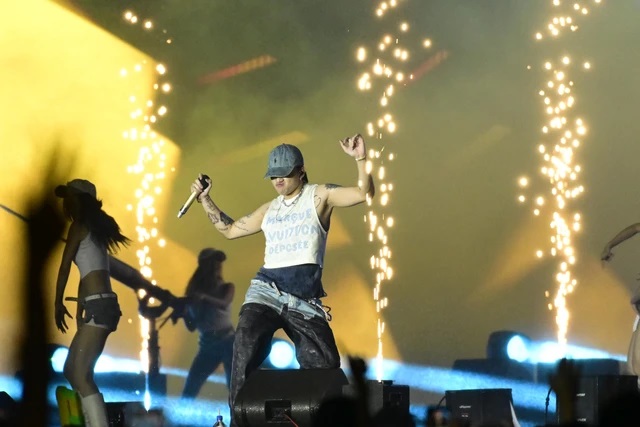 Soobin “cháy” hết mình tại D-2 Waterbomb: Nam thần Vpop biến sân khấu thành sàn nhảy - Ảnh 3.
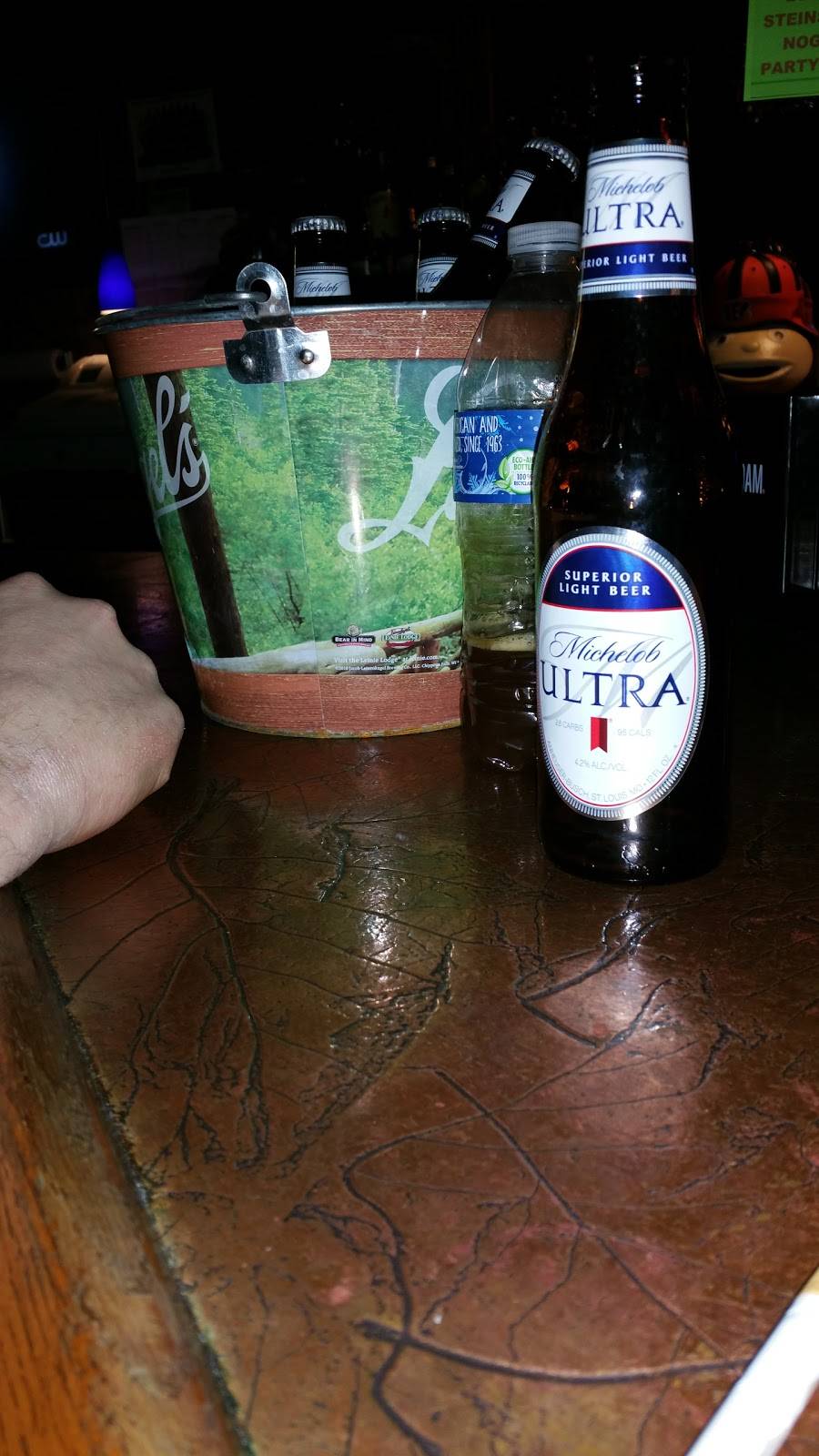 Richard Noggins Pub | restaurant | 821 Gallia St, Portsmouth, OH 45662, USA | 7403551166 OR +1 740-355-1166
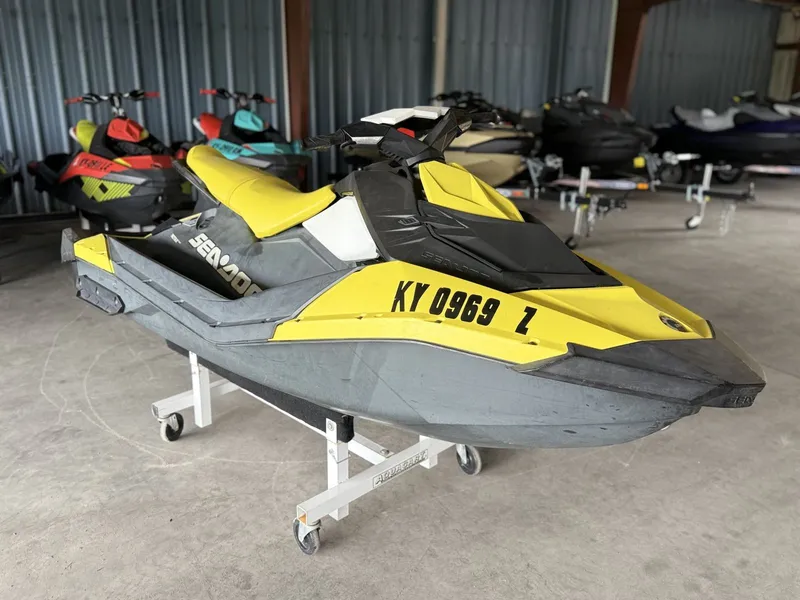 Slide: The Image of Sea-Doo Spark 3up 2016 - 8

----------------------------------------

**What to work on:** Go through the data and return every word of it verbatim, leaving out the pictures.

**Task solution:**
 Soobin “cháy” hết mình tại D-2 Waterbomb: Nam thần Vpop biến sân khấu thành sàn nhảy - Ảnh 3.
 Richard Noggins Pub | restaurant | 821 Gallia St, Portsmouth, OH 45662, USA | 7403551166 OR +1 740-355-1166
 Slide: The Image of Sea-Doo Spark 3up 2016 - 8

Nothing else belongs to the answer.